Wednesday, July 8, 2015

What I've been reading...

Marius B. Jansen, "The Making of Modern Japan" (2000): I really liked this one, despite it feeling dense at times. Jensen's narrative has a nice flow that shows both continuities and sharp breaks in Japan's government, policy, society, and the climate of opinion from Sekigahara to the turn of the new millennium. It as a good read, albeit increasingly out of date--David Pilling's "Bending Adversity" is perhaps a good supplement to Jensen's work. 

Jenny Uglow, "In These Times: Living in Britain Through the Napoleonic Wars, 1793--1815" (2014): A rich social history, brimming with fascinating insights gleaned from diaries, letters, and print-material of the era. This is a very good book of a transformative period in British history.

Alan Booth, "The Roads to Sata: A 2,000-mile Walk Through Japan" (1985): Great travel-writing, detailing a four-month walking trip along (or near) the western coast of Japan's three largest islands. Booth's anecdotes drift between humor and absurdity, and his journey brings him into contact with all manner of people--rich, poor, kind, rude. Despite the hardships he describes, reading this book has put me in the mood to take a long walking trip.

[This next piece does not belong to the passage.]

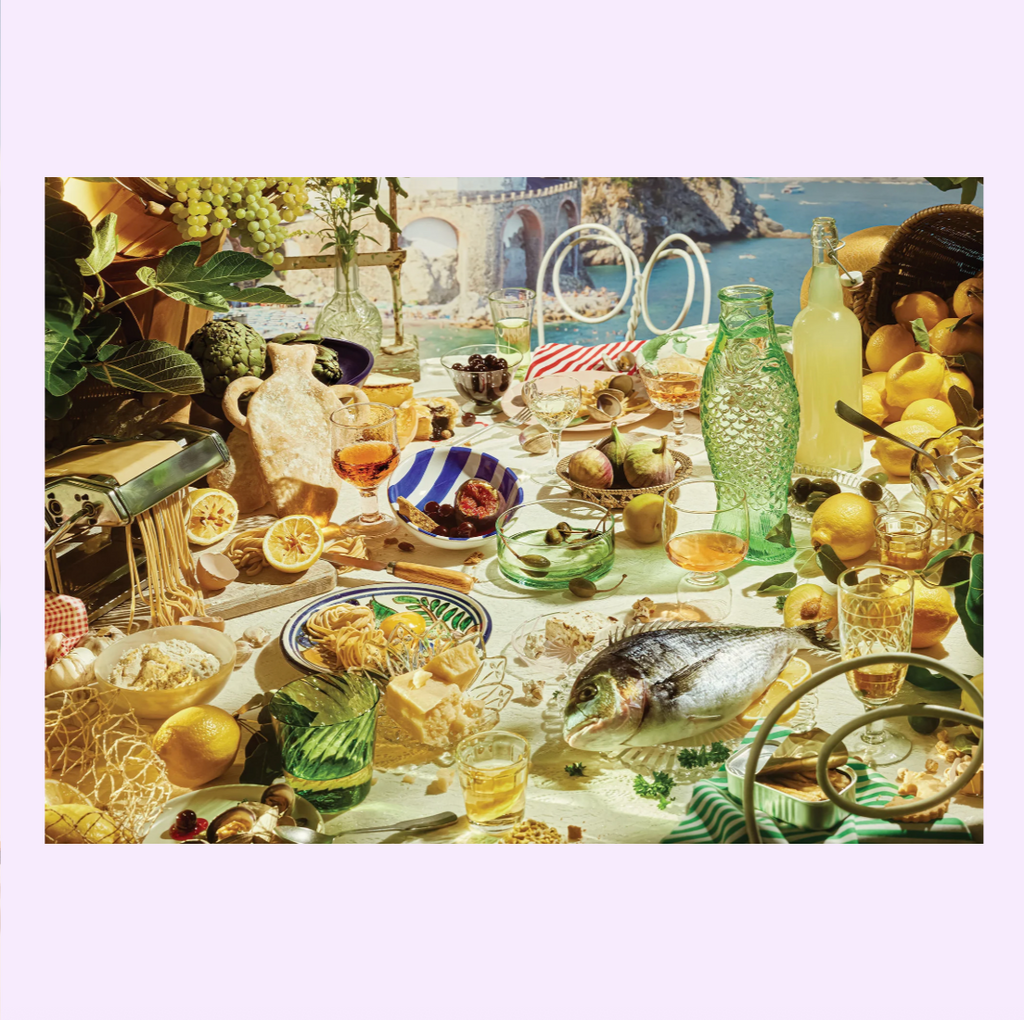 La Dolce Vita Puzzle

Daniel Kahneman, "Thinking Fast and Slow" (2011): An astonishing book on the science of human decision-making, and how it can and does lead to poor outcomes. I noted a few quotes while reading: 

"A reliable way to make people believe in falsehoods is frequent repetition, because familiarity is not easily distinguished from truth. Authoritarian institutions and marketers have always known this fact." 
“This is the essence of intuitive heuristics: when faced with a difficult question, we often answer an easier one instead, usually without noticing the substitution.” 
“Because we tend to be nice to other people when they please us and nasty when they do not, we are statistically punished for being nice and rewarded for being nasty."
“The experiencing self does not have a voice. The remembering self is sometimes wrong, but it is the one that keeps score and governs what we learn from living, and it is the one that makes decisions. What we learn from the past is to maximize the qualities of our future memories, not necessarily of our future experience. This is the tyranny of the remembering self.” 
“The world makes much less sense than you think. The coherence comes mostly from the way your mind works.” 
“Confidence is a feeling, which reflects the coherence of the information and the cognitive ease of processing it. It is wise to take admissions of uncertainty seriously, but declarations of high confidence mainly tell you that an individual has constructed a coherent story in his mind, not necessarily that the story is true.” 
“Nothing in life is as important as you think it is, while you are thinking about it.”
Would certainly recommend.

Arrived on my pile

Dr. Junichi Saga, "Memories of Silk and Straw: A Self-Portrait of Small-town Japan" (1990).

Jonah Lehrer, "Imagine: How Creativity Works" (2012).